Here is an example for the MemoryShortageException message:

Memory shortage at: host: pc-lab38, container: mySpace_container1_1, space mySpace, total memory: 1820 mb, used memory: 1283 mb

explicit-gc

The memory manger has very delicate feature - <explicit-gc>. When enabled, this performs an explicit GC call before checking how much memory is used. When turned on - this will block clients from accessing the space during the GC activity. This can cause a domino affect, resulting unneeded failover or client total hang. The problem would be sever with clustered environment where both primary and backup space JVM calling GC explicitly in the same time, holding back the primary from both serving the client and sending operations to the backup.

With small value for the retry_yield_time or when the explicit-gc is turned off (false as a value), the space might evict most of its data once the write_only_block_percentage or the high_watermark_percentage is breached.

Since the space does perform garbage collection between each batch eviction cycle, the evicted object data is not reclaimed immediately by the garbage collection, and the space continuous to evict Entries.

When using the explicit-gc option:

  • Make sure -XX:+DisableExplicitGC isn't set.
  • Adding -XX:+ExplicitGCInvokesConcurrent might help to reduce the impact of the System.gc() calls.
  • System.gc() is called before calculating available memory.
  • Calculating available memory is performed when the following operations are called:
    • abort
    • changeReplicationState
    • clear
    • commit
    • count
    • getReplicationStatus
    • getRuntimeInfo
    • getSpacePump
    • getTemplatesInfo
    • joinReplicationGroup
    • leaveReplicationGroup
    • notify
    • prepare
    • prepareAndCommit
    • read
    • readMultiple
    • replace
    • spaceCopy
    • update
    • updateMultiple
    • write

GC Behavior and Space Response Time Tango

In general, when the GC is called there is a chance clients accessing the space will be affected.
If the JVM is not using incremental GC mode (i.e. regular behavior) , the GC will have the famous chain saw behavior.
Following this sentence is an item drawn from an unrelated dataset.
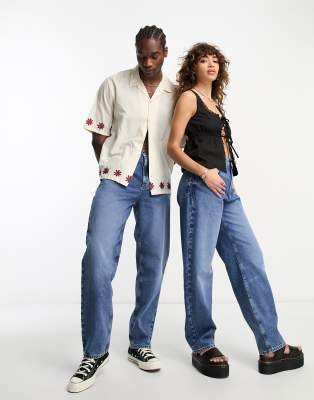 Reclaimed Vintage - Unisex - Loose Fit Jeans in Vintage-Blau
Rapid memory reclaim of the recent evicted/referenced objects. This means a quick garbage collection with potentially having delays at the client side or phantom OOME in case the JVM has not managed to evict fast enough.

See below regular GC behavior when eviction is going on (based on available memory) and new entries are written into the space:

The Incremental GC behavior will have more moderate activity with on going garbage collection without the risk missing a garbage collection and getting OOME - see below behavior when eviction is going on (based on available memory) and new entries are written into the space:

When the LRU eviction is based on maximum amount of entries the memory utilization graph would look like this - very small amplitude.

This behavior achieved since the memory manager evicts entries one by one from the space and not in batches. So the amount of work the JVM garbage collector needs to perform is relatively small. This also does not affect the clients communicating with the space and provide very deterministic response time - i.e. very small chance for client hiccup.

If you can estimate the amount of entries the space will hold and use the eviction based on max entries within the space, this would allow you to eliminate hiccups and provide very deterministic and constant response time.

Memory Manager Activity when initializing the space

In this phase of the space life cycle, the space checks for the amount of available memory. This is relevant when the space perform warm start such as ExternalDataSource.initialLoad() or persistent space using SA with RDBMS or embedded H2 database.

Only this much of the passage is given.